--- START ---
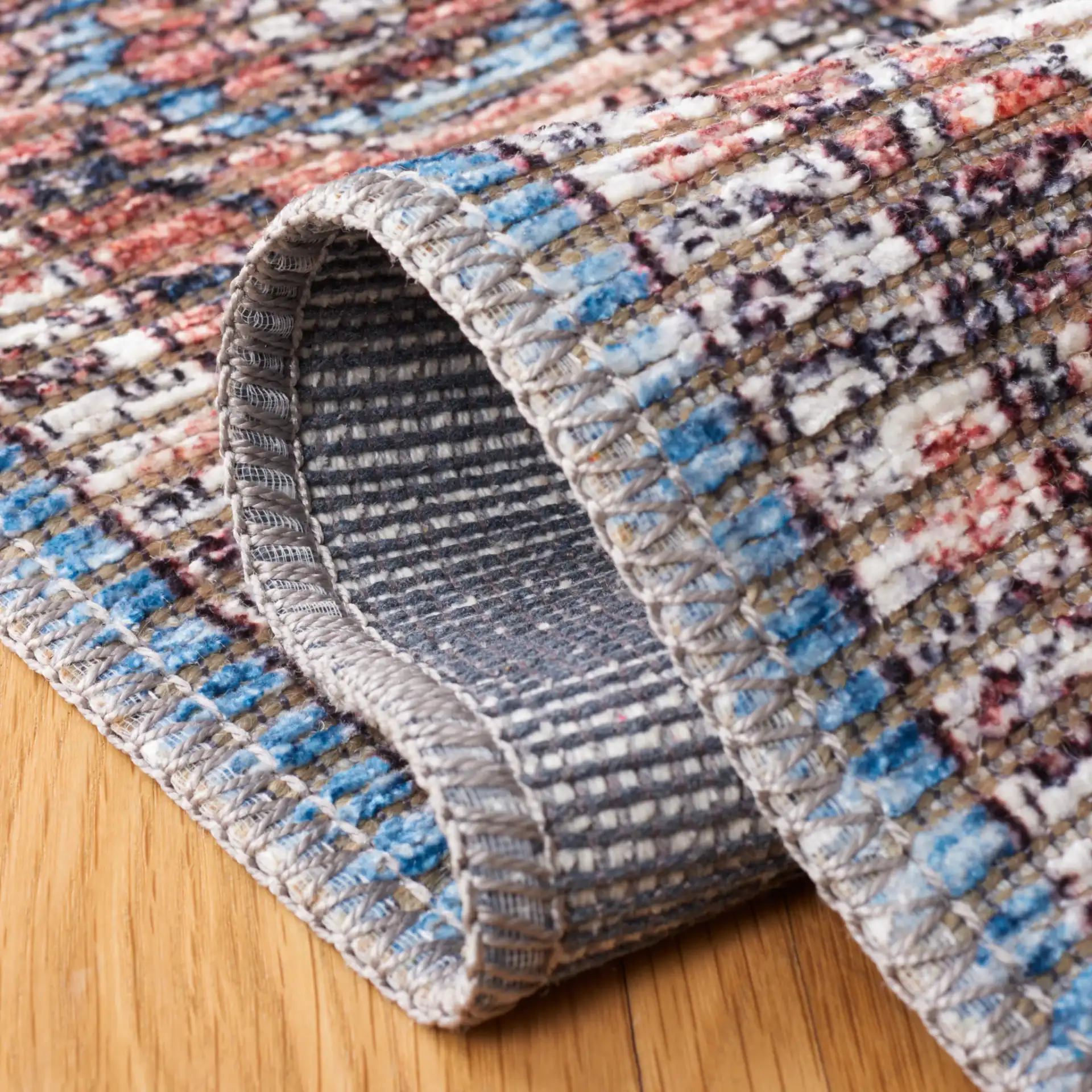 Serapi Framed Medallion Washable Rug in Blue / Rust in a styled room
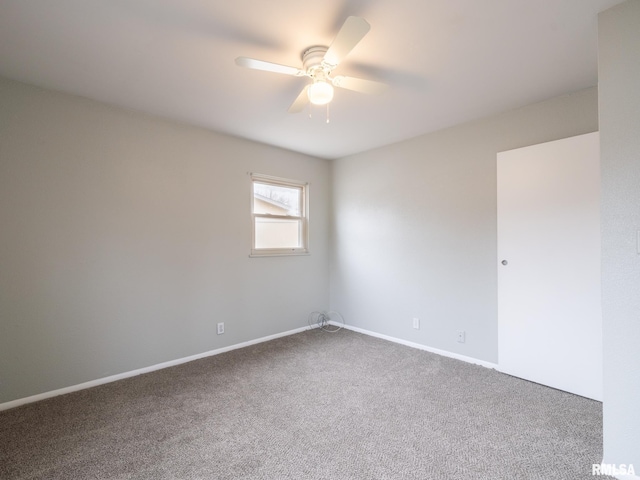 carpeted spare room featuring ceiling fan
--- END ---
--- START ---
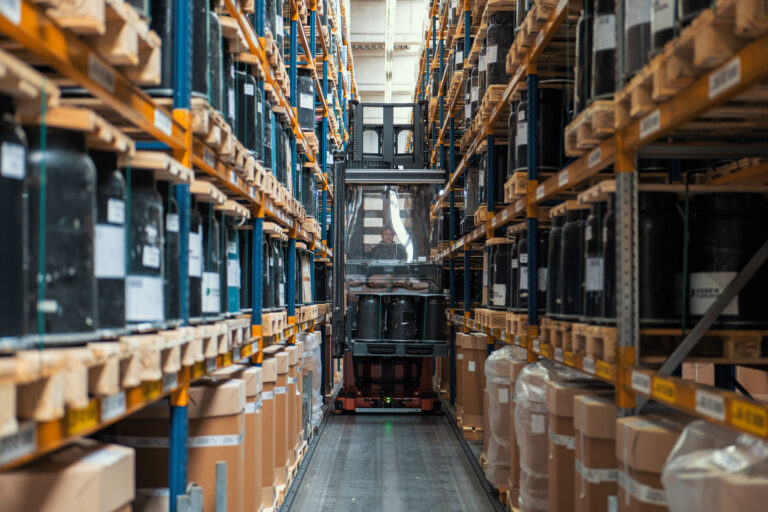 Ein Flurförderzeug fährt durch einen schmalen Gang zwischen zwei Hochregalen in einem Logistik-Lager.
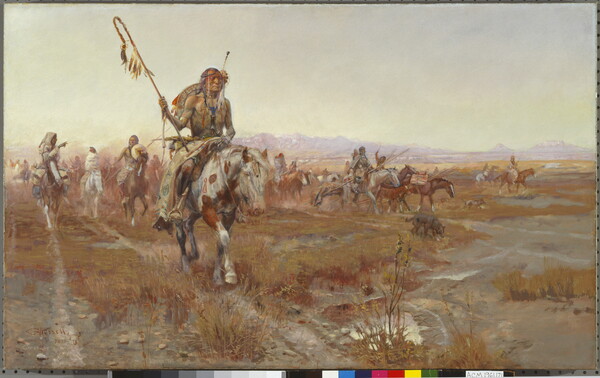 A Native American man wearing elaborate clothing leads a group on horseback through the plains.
--- END ---
_YOUR ASSIGNMENT_
Word for word, restate the lines above from the one with "Ein Flurförderzeug fährt" through the one with "A Native American", keeping both ends and dropping the pictures.

_PROBLEM SOLUTION_
 Ein Flurförderzeug fährt durch einen schmalen Gang zwischen zwei Hochregalen in einem Logistik-Lager.
 A Native American man wearing elaborate clothing leads a group on horseback through the plains.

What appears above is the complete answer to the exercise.